TASK BRIEF
In the records below, find the line with "1 Piece Pre-Seasoned" and the line with "Coquette Pink Butterfly Birthday Invitation"; return exactly those lines and every line between them.

Caption-style text data
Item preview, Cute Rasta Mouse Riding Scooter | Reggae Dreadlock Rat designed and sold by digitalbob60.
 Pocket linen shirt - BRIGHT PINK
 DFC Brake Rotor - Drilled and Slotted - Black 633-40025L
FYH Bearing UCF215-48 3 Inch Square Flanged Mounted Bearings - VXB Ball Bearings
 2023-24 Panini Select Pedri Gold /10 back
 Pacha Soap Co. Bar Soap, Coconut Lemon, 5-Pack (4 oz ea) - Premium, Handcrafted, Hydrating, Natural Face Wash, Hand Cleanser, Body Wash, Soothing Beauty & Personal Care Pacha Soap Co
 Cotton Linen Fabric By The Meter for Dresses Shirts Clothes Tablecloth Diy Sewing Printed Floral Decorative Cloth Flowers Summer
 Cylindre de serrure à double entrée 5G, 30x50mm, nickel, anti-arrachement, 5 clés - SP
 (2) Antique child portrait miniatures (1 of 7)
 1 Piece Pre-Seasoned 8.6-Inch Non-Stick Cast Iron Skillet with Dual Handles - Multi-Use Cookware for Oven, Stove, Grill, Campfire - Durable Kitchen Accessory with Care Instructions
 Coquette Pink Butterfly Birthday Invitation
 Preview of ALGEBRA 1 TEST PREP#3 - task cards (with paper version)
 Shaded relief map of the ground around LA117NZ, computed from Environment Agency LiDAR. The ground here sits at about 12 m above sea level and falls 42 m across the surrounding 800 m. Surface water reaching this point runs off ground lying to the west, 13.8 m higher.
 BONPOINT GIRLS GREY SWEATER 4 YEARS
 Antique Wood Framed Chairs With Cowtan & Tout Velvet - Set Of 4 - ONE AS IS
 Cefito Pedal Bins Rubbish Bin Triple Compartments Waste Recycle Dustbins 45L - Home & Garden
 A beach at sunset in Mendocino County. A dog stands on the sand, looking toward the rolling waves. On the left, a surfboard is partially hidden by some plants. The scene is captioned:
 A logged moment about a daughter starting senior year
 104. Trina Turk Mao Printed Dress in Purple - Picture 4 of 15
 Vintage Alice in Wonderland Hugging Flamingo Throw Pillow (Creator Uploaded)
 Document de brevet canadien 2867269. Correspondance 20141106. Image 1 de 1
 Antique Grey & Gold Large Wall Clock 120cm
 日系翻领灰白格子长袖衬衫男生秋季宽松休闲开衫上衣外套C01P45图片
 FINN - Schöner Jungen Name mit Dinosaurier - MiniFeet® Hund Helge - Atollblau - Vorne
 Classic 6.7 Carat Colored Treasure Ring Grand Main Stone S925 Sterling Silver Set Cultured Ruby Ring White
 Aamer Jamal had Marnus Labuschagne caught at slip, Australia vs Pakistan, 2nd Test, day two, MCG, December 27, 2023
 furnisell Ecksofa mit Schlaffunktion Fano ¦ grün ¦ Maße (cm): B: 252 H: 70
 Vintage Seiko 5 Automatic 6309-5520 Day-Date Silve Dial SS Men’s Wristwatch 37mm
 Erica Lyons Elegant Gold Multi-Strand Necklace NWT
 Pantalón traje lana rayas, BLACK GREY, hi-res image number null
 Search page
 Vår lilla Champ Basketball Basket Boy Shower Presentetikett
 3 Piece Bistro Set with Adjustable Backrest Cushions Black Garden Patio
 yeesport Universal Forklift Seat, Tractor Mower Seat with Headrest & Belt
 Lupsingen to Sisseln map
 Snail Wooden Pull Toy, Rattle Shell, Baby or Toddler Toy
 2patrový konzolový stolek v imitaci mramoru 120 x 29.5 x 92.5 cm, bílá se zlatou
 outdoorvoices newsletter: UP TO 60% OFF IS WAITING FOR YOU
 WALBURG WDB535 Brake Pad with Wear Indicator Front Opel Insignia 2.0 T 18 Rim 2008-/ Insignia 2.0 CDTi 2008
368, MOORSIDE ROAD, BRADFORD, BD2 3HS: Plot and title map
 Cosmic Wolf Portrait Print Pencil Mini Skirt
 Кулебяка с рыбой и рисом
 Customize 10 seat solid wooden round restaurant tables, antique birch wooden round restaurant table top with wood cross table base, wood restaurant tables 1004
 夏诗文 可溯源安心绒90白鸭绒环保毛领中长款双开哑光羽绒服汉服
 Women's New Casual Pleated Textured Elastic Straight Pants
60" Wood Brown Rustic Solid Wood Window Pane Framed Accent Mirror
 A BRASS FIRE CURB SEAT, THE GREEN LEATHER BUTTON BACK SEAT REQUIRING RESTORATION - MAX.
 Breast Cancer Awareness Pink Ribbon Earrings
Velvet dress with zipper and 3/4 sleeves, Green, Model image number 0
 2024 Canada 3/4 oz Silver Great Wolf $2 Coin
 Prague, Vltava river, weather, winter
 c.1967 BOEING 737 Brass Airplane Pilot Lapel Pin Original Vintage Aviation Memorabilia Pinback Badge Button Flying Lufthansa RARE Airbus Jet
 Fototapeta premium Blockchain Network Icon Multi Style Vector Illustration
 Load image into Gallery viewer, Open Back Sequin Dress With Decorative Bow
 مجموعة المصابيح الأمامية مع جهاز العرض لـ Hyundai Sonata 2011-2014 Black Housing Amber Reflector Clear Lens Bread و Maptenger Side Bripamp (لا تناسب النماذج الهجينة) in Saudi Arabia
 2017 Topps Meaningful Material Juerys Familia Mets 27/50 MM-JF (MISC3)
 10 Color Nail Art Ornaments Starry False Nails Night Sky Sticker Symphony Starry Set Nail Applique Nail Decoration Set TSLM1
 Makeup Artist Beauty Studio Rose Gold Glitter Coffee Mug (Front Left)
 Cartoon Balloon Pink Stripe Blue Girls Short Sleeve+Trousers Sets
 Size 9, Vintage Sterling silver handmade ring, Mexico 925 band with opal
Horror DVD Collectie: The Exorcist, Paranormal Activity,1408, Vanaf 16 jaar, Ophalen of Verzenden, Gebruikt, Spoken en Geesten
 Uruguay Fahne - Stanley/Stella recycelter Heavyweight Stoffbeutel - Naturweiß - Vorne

ANSWER
 1 Piece Pre-Seasoned 8.6-Inch Non-Stick Cast Iron Skillet with Dual Handles - Multi-Use Cookware for Oven, Stove, Grill, Campfire - Durable Kitchen Accessory with Care Instructions
 Coquette Pink Butterfly Birthday Invitation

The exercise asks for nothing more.